Chapter 4. Discussion and Conclusions

This report presents a methodology for estimating pedestrian and bicyclist exposure. The exposure measure is defined as 100 million pedestrian/bicyclist mi (161 million pedestrian/bicyclist km) of roadway traveled. The measure also applies to other facilities where pedestrians and bicyclists share the same facility with motor vehicles. The report had two major goals: (1) to describe the methodology and (2) to demonstrate the application of the methodology by estimating the annual pedestrian and bicyclist exposure for a large urban environment.

The method for implementing the exposure measure was described for eight of the pedestrian/motor vehicle and bicyclist/motor vehicle shared facility types characteristic of the urban environment in Washington, DC. Other cities may have different characteristic shared facility types that have not yet been explored.
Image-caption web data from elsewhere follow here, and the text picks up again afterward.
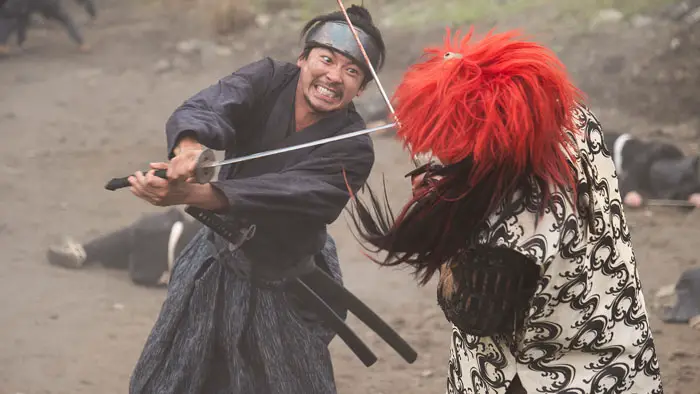 Samurai warrior clashes with masked enemy in intense sword fight from 11 Rebels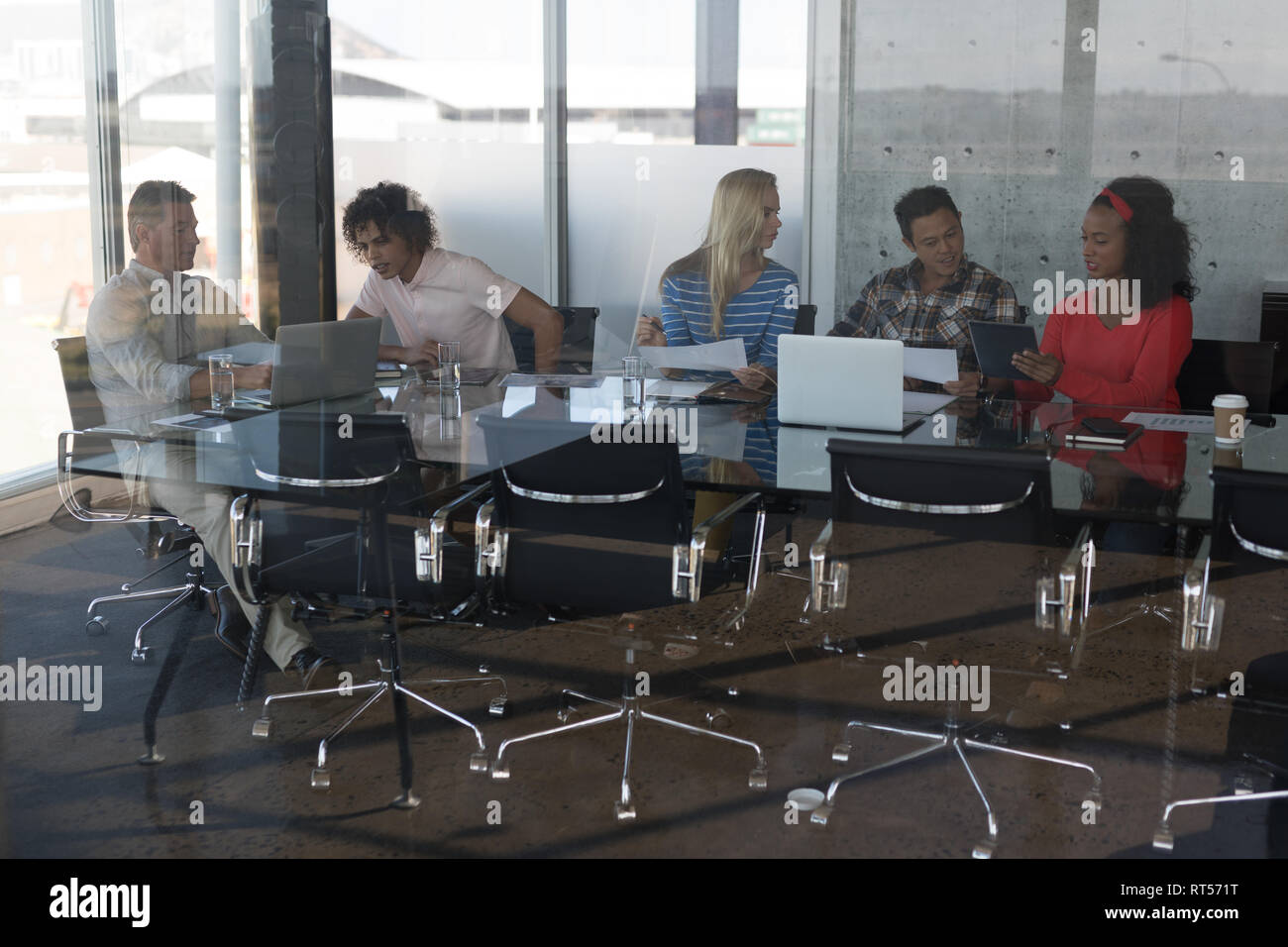 Executives working at table in office Stock Photo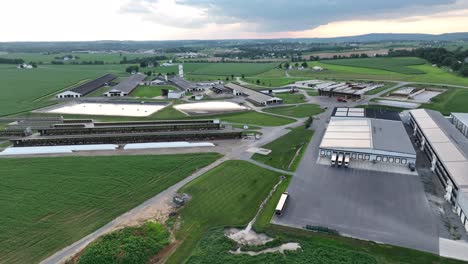 expansive aerial shot capturing an industrial farm, with multiple sheds, storage facilities, and vast surrounding green fields, under a cloudy sky in usa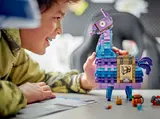 Boy admiring LEGO Llama.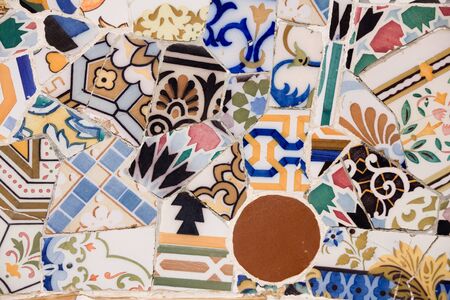 Closeup of chaotic Gaudi pink mosaic on seat in Parc Guel in Barcelona.の写真素材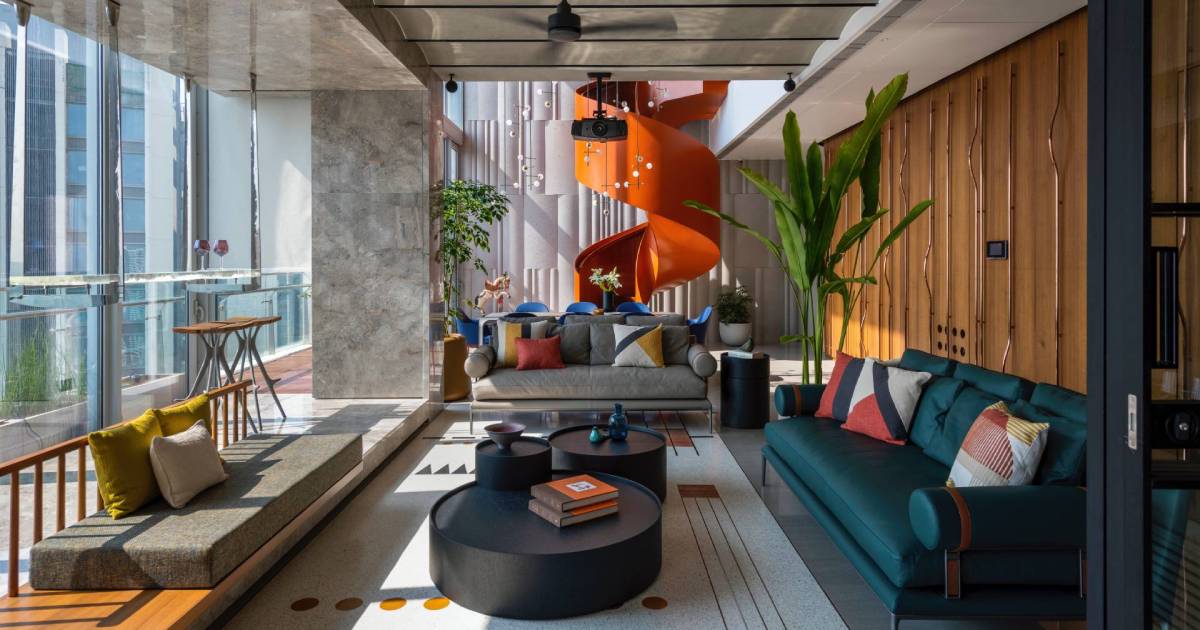 an-orange-spiral-staircase-is-an-eye-catching-feature-inside-this-apartment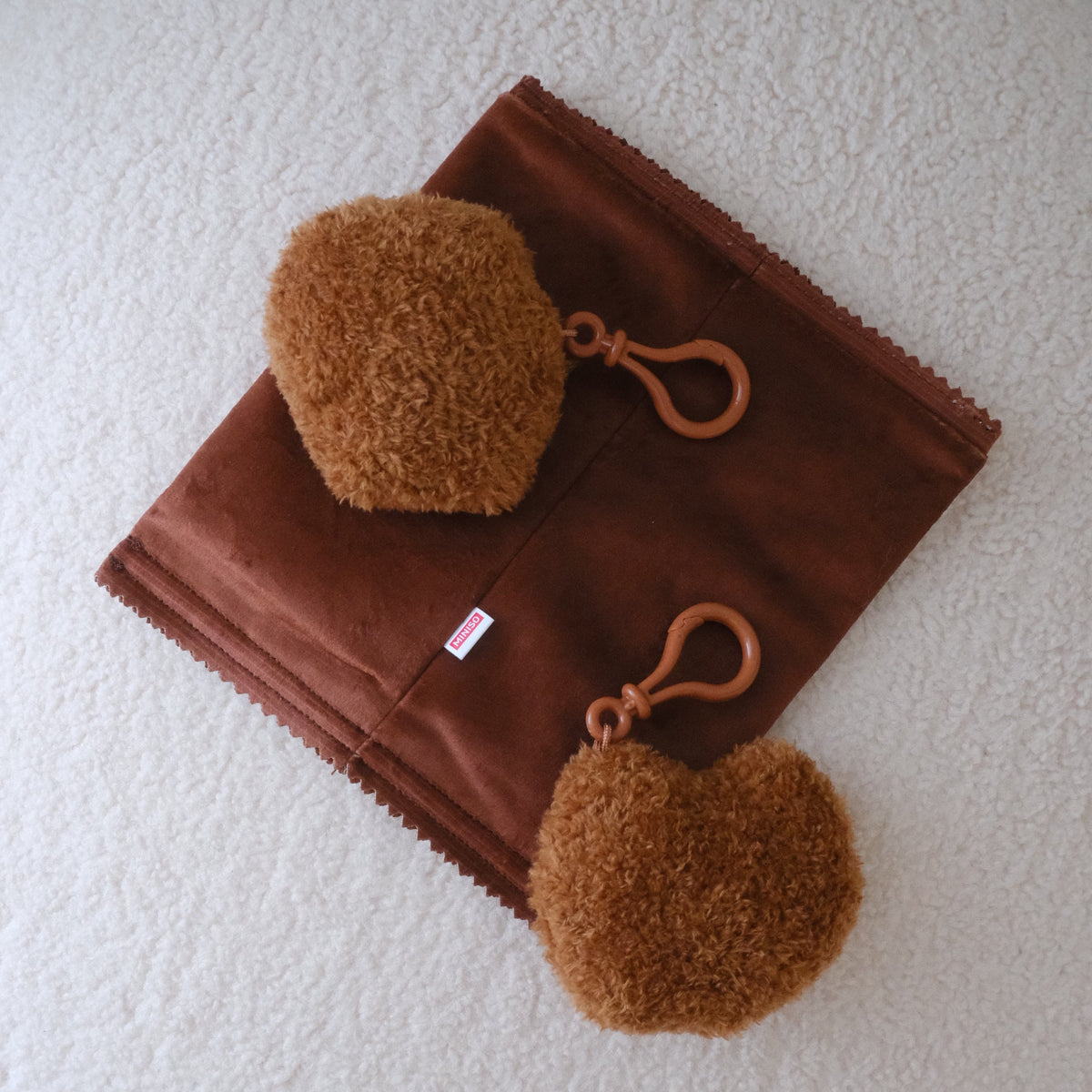 A brown suede-like rectangular pouch or case with two attached fuzzy brown pom-pom accessories and matching brown loops, laid flat on a white textured surface.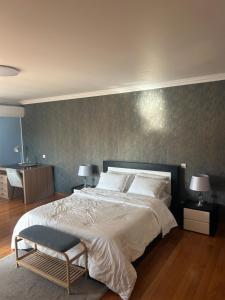 Postel nebo postele na pokoji v ubytování Anjos’home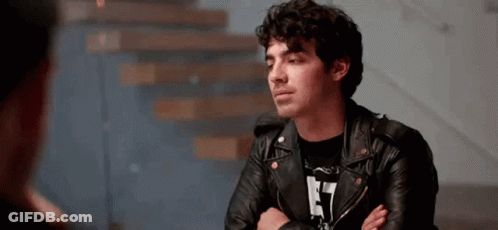 Man In Leather Jacket Sitting With Arms Crossed Talking To Another Man GIF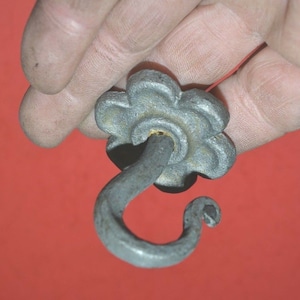 May include: A silver metal hook with a decorative flower-shaped top. The hook is designed for hanging items.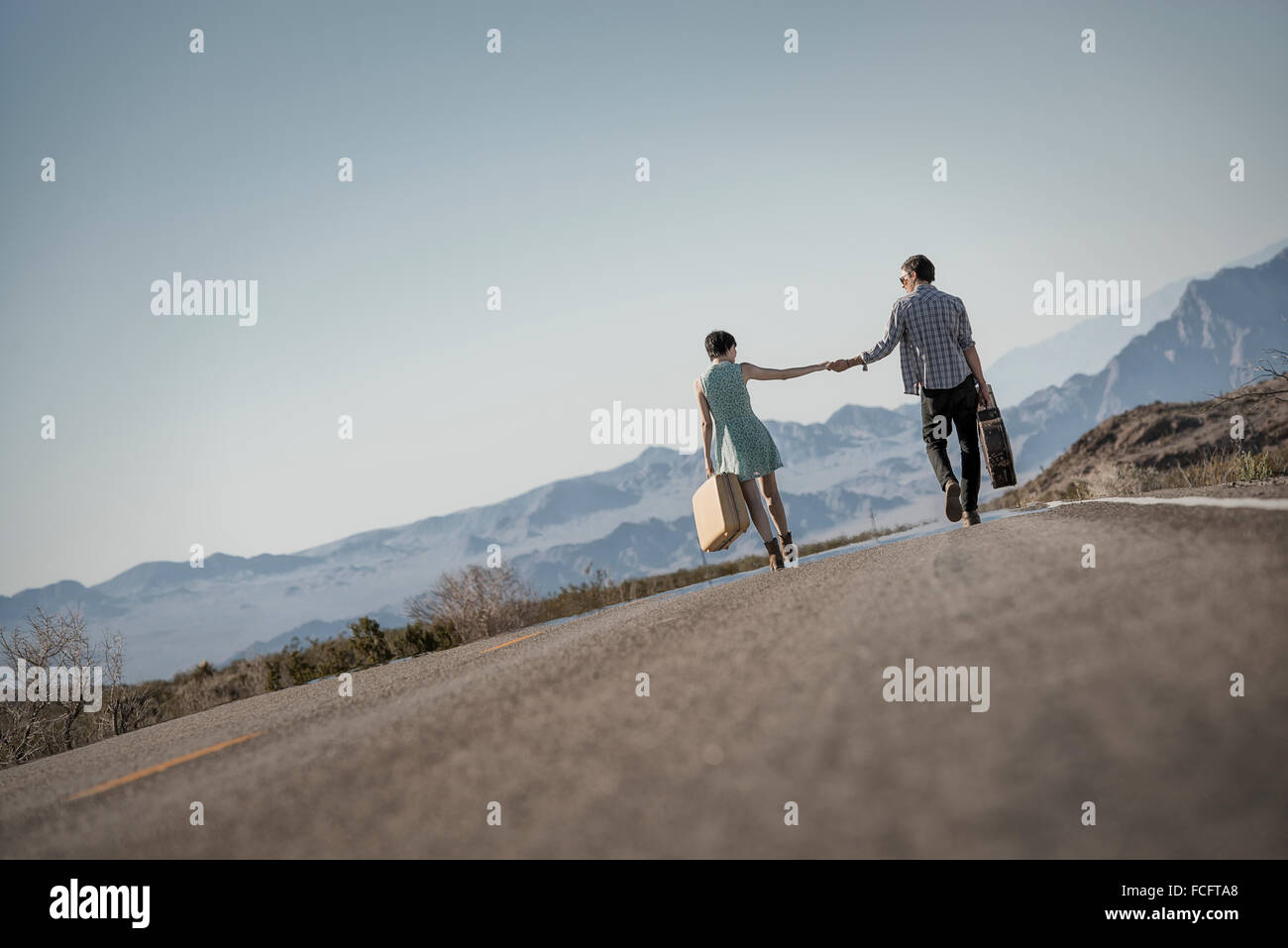 Ein junges Paar, Mann und Frau gehen hand in Hand auf eine asphaltierte Straße in der Wüste Tragetaschen. Stockfoto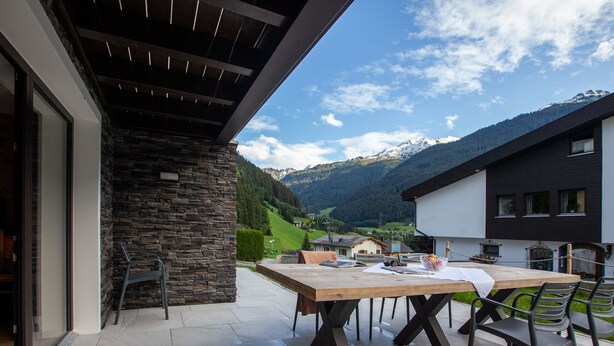 An outdoor patio with a wooden table and chairs, stone wall, and a view of mountains. - 1102 Kristall 2 (Gaschurn)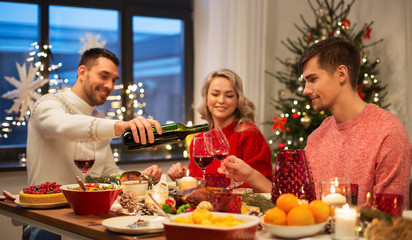 holidays and celebration concept - happy friends having christmas dinner at home and drinking red wine
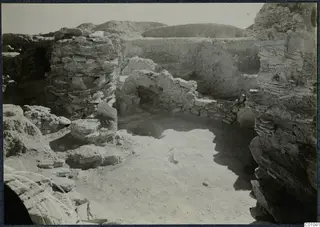 Excavated area on the Idalion acropolis with stone walls and rubble around an open floor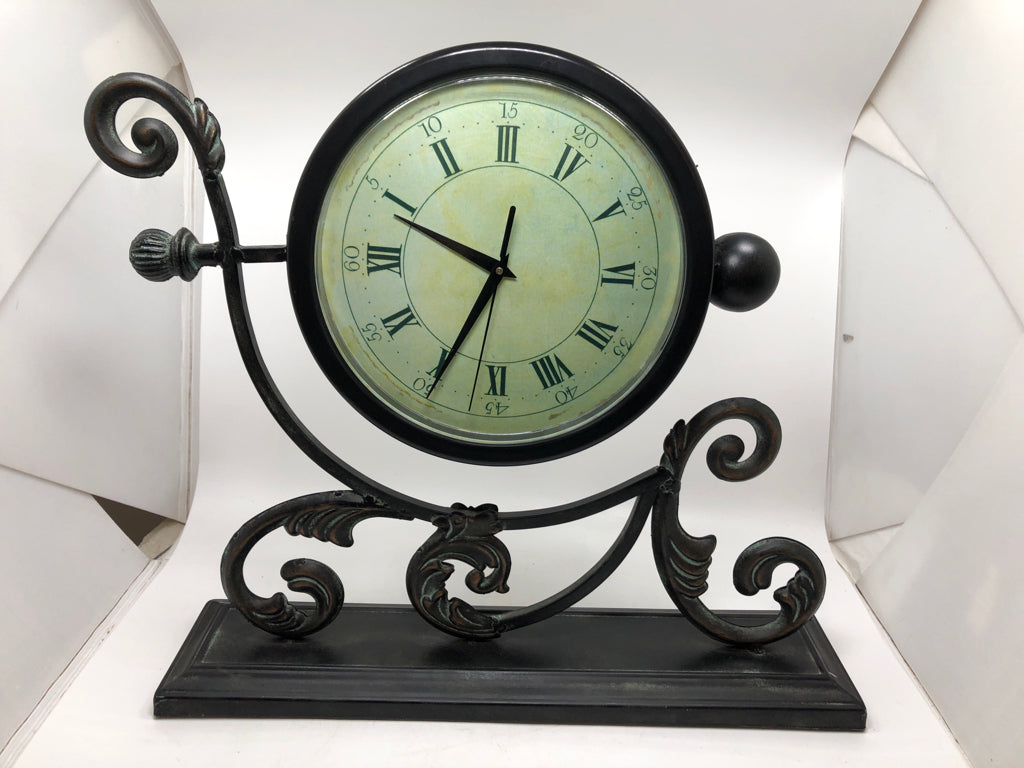 BRUSHED METAL SCROLL SHELF CLOCK.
For example, a city with significant ferry traffic would require the development of a different special method.

The methodology was used to calculate the annual pedestrian and bicyclist exposure in Washington, DC, in 2007. The result was 0.80 hundred million mi (1.29 hundred million km) for pedestrian exposure and 0.37 hundred million mi (0.60 hundred million km) for bicyclist exposure. To achieve this result, an aggregation technique was employed to generalize from mean daily pedestrian and bicyclist volumes at a single example of a given facility to annual exposures for an entire city. This feature allows the methodology to be used for daily and even hourly (as well as monthly and seasonal) exposure calculations. This feature also allows the methodology to be used for comparisons across different locations in a given city or area to track changes in the spatial patterns of pedestrian and bicyclist activity. Because of simplifications in the data aggregation technique, these particular exposure values were likely to be overestimated. However, procedural changes have been suggested to correct this issue. In addition, a linear regression model was tried as a possible approach to enhance the efficiency of estimating exposure.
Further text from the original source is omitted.